Dutchwoman dominates the U.S.
BEIJING -- The sport is the domain of the Stanford Cardinal and California Golden Bears and Southern California Trojans and UCLA Bruins, but there never has been a Bruin quite like her.
She actually is a de Bruijn. Her name is Danielle de Bruijn. She is a modest Dutchwoman who lives in the city of Gouda and has the well-scrubbed face that belongs on a billboard hawking yellow cheese. She is also the water polo player who almost single-handedly derailed the favored United States in the gold-medal game Thursday.
In her last international match, the 30-year-old de Bruijn continued the delightful pattern of virtuosity that has left as indelible mark on the Beijing Olympics as some of the iconic stadium architecture. She scored a remarkable seven goals, one fewer than the U.S., and received just enough help as the Netherlands edged the Americans 9-8 to win the third Olympic gold medal in the grand, albeit niche, sport of water polo. (If nothing else, water polo gets extra credit because none of the athletes have shoe contracts.) This might have been the greatest performance by a left-handed thrower since Sandy Koufax's final no-hitter.
Now the corollary to the story is that U.S. defenders allowed Bruijn to torch them for seven goals without actually drowning her first. (Seven goals, incidentally, might or might not be an Olympic record; it seems unlikely Elias Sports Bureau tracks this sort of thing). "I don't understand why America let her shoot like this," Ilse Sindorf, the Dutch assistant coach, said later. "We know she can shoot."
But rather than criticizing his players, or indirectly critiquing his own strategy against the crafty lefty, U.S. coach Guy Baker magnanimously praised her Phelpsian effort.
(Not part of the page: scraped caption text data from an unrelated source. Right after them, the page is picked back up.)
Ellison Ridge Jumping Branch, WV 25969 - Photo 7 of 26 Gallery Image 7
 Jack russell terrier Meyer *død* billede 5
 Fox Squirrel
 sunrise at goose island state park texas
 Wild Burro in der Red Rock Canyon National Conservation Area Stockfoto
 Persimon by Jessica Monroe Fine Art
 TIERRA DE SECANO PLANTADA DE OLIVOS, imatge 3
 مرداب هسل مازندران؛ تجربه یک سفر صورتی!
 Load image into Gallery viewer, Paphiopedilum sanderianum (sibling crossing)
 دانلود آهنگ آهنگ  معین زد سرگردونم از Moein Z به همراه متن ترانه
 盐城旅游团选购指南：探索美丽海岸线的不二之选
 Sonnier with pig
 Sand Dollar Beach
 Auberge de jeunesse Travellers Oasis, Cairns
Said Baker: "It's up there with the great performances. I've seen a lot of good players, but to play like that, especially in an Olympic final, it's definitely up there."
De Bruijn scored the winning goal on a power play with 26 seconds remaining -- "I think the team was playing for me so I could take the shot," she said -- but not all of her wizardry was six-on-five. The 2000 Female Water Polo Player of the Year (Water Polo World, in which every issue is the swimsuit edition, bestowed the honor) took advantage early as the Dutch counterattack caught the U.S. dawdling, scoring three goals in the first period. The Netherlands actually took a 4-0 lead in the first 3 minutes and 37 seconds, scoring on all four shots, at even strength, against goalie Betsey Armstrong.
Armstrong is the only player on the U.S. with no ties to California; she is an Ann Arbor, Mich., native who played at the University of Michigan and is conversant in Detroit sports lore. (After the dramatic semifinal win against Australia, she reacted to a question that had framed the physical Aussies in terms of the Pistons' Bad Boys teams.) Although treading water for 32 minutes and thrusting up to block shots is not especially conducive to contemplation, no one would have been shocked if she flashed back to Game 7 of the 2002 Western Conference finals -- Red Wings vs. the Avalanche -- when Colorado goalie Patrick Roy allowed goals on the first two shots and was chased from the game in the second period. Armstrong looked that helpless.
But she righted herself as the Americans tied the score by halftime and restored the natural order -- at least until de Bruijn scored twice in the first three-and-a-half minutes of the third period. Once again, the Americans were swimming uphill. Although the U.S. would tie the score twice, it would never lead.
"It's unbelievable for myself and I think for her, too," said coach Robin van Galen, who instructed his players after the first period to keep creating space and feeding the hot shooter. "She played a good tournament, but in the semis [a one-goal win over Hungary], she didn't perform very well. I was a little bit afraid before the match that her peak was over. But when I saw her score the first goal, I saw her face and I knew it was good. I know Danielle for a very long time. The first time I saw her she was 16. I already coached her for several years on the club team. So we have a special relationship. I know she can perform very well. I didn't know she [could] play so enormous as she did."
Although lachrymose after the loss, the American players might feel better about their silver medals in a few days when they realize someone has to come out on the wrong end of history. They were spectators early in the match, then fierce opponents and ultimately witnesses to unalloyed greatness. Their tears after the match were genuine, but the night belonged not to their emotion but to one big, bad de Bruijn.